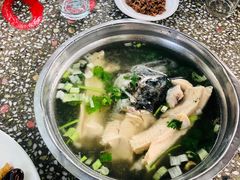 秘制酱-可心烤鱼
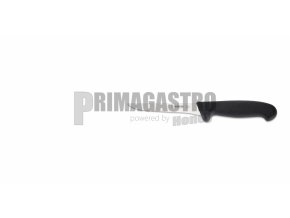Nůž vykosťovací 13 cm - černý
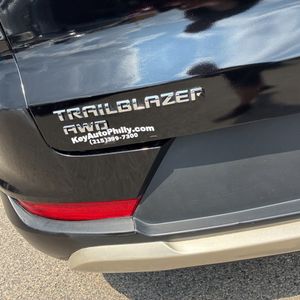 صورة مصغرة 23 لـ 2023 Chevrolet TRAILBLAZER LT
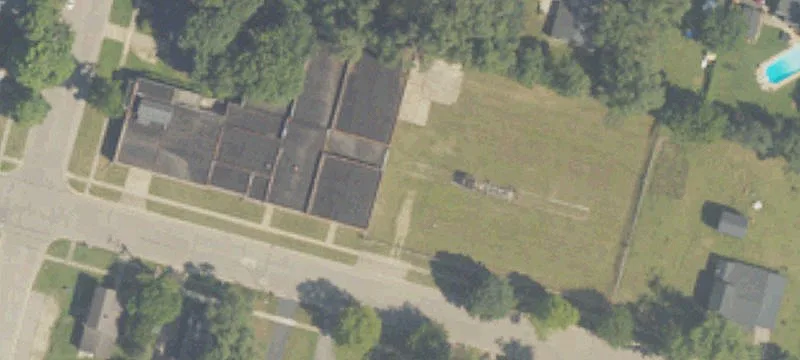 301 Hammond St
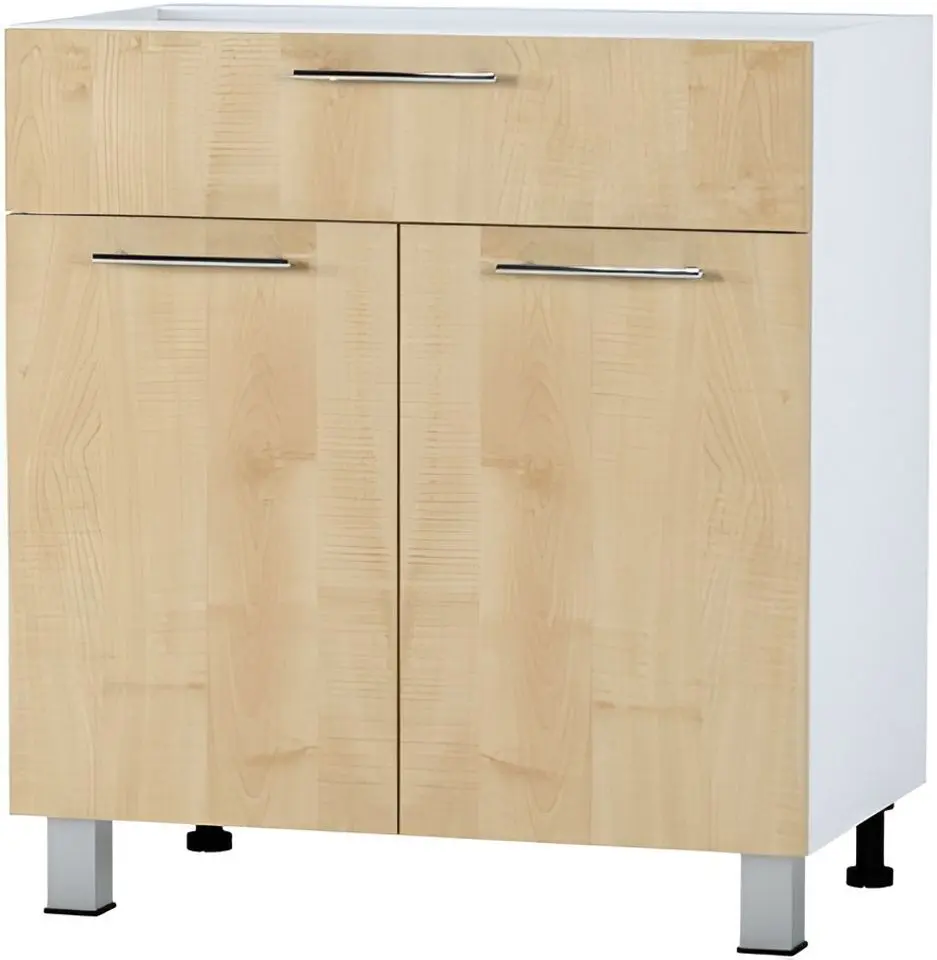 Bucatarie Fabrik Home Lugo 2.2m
※
An unaltered copy of the material, without images, should be set down.

 秘制酱-可心烤鱼
Nůž vykosťovací 13 cm - černý
 صورة مصغرة 23 لـ 2023 Chevrolet TRAILBLAZER LT
 301 Hammond St
 Bucatarie Fabrik Home Lugo 2.2m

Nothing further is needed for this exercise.